As a geographically borderless, multi-sectoral problem requiring cross-disciplinary engagement, understanding AMR reignites central debates in anthropology. AMR is a microbial response to human action but can also be viewed as a socio-material phenomenon that traverses Cartesian divisions, implicating both human and non-human agency, or as a consequence of competition and growth, an inevitable result of the contradictions of capital.
AMR is enmeshed in processes of modernisation and globalisation and reflects patterns of economic inequality. Drug-resistant infections are most prevalent in lower-income settings, where pharmaceuticalisation and rising consumer demand for meat outpace the establishment of public health measures to prevent infection. Despite the language of threat deployed by politicians and scientists, AMR cannot be eliminated; resistance is a continual process founded in fundamental biosocial relations.
Anthropology's holistic approach is ideally suited to studying AMR and contributing creatively to tackling it, together with other disciplines. Panel contributions may address:
• Antibiotic use in community, industrial, or healthcare settings
• Anthropology and the interdisciplinary challenge of AMR
• Governmental and technological responses to AMR, policy, surveillance, evidence
• Human-microbe relations
• AMR as an ecological challenge
Accepted papers:
Session 1 Wednesday 4 September, 2019, -Paper short abstract:
This paper first provides an overview of AMR regulations launched by Chinese national and Provincial health authorities in the past two decades and then examines how and why when these top-down official initiatives are translated into local practices they have not achieved the intended outcomes.
Paper long abstract:
Antimicrobial resistance (AMR) has been identified as an issue of global and national significance in Public Health. In this paper we discuss why AMR policies in China have failed to be effective. We draw on over 60 semi-structured interviews and observations conducted in 3 village clinics and 3 township health centres, examining how rural residents and families access and use antibiotics among other medicines.
This paper has two parts: Part 1 will provide an overview of AMR regulations and policies launched by Chinese national and Provincial health authorities in the past two decades—for example, the List of Essential Medicine, the New Agricultural Co-operative Medical Scheme (NACMS) and other relevant policies.
Part 2 will examine how these top-down official initiatives are translated into local practices in Primary Care rural health facilities and why they have not achieved their intended outcomes.
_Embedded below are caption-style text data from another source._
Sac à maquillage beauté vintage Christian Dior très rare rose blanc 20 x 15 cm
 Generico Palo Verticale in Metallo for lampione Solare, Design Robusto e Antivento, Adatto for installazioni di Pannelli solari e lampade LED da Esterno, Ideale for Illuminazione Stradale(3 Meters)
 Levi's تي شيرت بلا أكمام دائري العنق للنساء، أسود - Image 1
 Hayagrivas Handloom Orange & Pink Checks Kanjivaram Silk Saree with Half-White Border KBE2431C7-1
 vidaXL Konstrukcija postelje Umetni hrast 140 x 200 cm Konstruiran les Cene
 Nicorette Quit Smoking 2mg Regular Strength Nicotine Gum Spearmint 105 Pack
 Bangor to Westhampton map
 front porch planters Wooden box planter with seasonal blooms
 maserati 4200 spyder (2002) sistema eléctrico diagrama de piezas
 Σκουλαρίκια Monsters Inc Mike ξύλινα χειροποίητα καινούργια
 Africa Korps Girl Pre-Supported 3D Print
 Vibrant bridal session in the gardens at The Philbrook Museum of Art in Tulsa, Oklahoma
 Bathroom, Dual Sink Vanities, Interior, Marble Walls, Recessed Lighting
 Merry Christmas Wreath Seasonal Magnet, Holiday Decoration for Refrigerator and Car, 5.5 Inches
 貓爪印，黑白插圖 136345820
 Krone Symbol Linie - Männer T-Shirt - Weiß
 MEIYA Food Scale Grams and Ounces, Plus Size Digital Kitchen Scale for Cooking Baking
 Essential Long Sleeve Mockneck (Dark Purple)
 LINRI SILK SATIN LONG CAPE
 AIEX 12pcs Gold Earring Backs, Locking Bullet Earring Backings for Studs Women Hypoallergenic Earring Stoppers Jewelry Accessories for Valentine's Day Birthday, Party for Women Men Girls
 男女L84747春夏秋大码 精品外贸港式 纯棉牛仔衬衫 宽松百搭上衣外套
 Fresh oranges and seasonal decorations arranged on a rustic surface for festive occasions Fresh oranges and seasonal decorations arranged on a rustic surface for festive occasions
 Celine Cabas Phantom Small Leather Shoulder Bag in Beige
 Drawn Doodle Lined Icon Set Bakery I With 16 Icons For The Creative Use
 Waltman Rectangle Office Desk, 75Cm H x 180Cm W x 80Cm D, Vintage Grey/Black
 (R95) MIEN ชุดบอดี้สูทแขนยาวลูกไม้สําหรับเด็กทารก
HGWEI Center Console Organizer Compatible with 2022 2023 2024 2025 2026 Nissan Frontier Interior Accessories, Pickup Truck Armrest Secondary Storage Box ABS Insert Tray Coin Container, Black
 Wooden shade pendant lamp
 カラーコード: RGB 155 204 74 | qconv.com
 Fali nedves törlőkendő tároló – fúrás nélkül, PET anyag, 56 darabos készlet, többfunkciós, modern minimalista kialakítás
We argue that the infrastructure of modern social-economic life in rural Anhui Province affect residents' health-seeking behaviours, in particular, accessing and consuming antibiotics. Their health-seeking behaviours are closely linked to the values of productivity and time, and the expectation that antibiotic will yield fast and full recovery. Hence, perceptions of the potency of antibiotics is central to both their use and the desired form of administration; particularly the use of "drips" (IV treatment which usually contain antibiotics) for the common cold or flu. The need for a "quick fix" is very much embedded in rural-to-urban migration practices, the intergenerational exchange of care and moral values of reciprocity.
Paper short abstract:
The 'irrational' use of antibiotics is a significant cause of AMR in developing countries including Bangladesh. A qualitative account using the theory of 'Social Lives of Medicines' revealed medical-representatives influence the prescribing and dispensing antibiotics through innovative marketing.
Paper long abstract:
Antimicrobial resistance (AMR), has been acknowledged by the WHO as a serious global public health threat. The 'irrational' use of antibiotics is an important cause of AMR. Like many other developing countries, there is little regulation of drug production, prescription and use in Bangladesh. Unqualified health providers in the informal sector supplement the shortage of qualified health workforce, especially among the poor and in disadvantaged areas. As part of a larger project investigating the pathways of antibiotic use in Bangladesh, this paper explores the role of a specific actor, namely Medical Representatives (MR), for popularizing antibiotics in particular. Key-informant interviews and observations have been conducted with MR and key personnel of various multi-national and national pharmaceutical companies. Our findings revealed, MR influence the prescribing and dispensing pattern of both qualified doctors and non-qualified dispensers through their robust marketing, innovative incentives catering for different health providers, and the symbolic value of their appearance. The theory of 'Social Lives of Medicines' denotes that medicines have lives and that the meaning and use of medicines varies according to the context. The study shows MR of various pharmaceutical companies play a crucial role in interpreting the meaning and use of antibiotics in Bangladesh. This ultimately contributes to the irrational prescribing/dispensing of drugs, which is, in turn, a key contributor to the emergence of AMR. Using Michael Cronin's theory of 'Globalization and translation', we argue, MRs are one of the critical 'translators' of antibiotics that play a major role in antibiotic resistance in Bangladesh.
Paper short abstract:
In spite of intensified global health initiatives, a global epidemic of drug-resistant tuberculosis (DRTB) has developed. Based on ethnographic explorations of multilayered and multispecies resistances driving development and spread of DRTB, I discuss the recently revised strategy to End TB by 2030.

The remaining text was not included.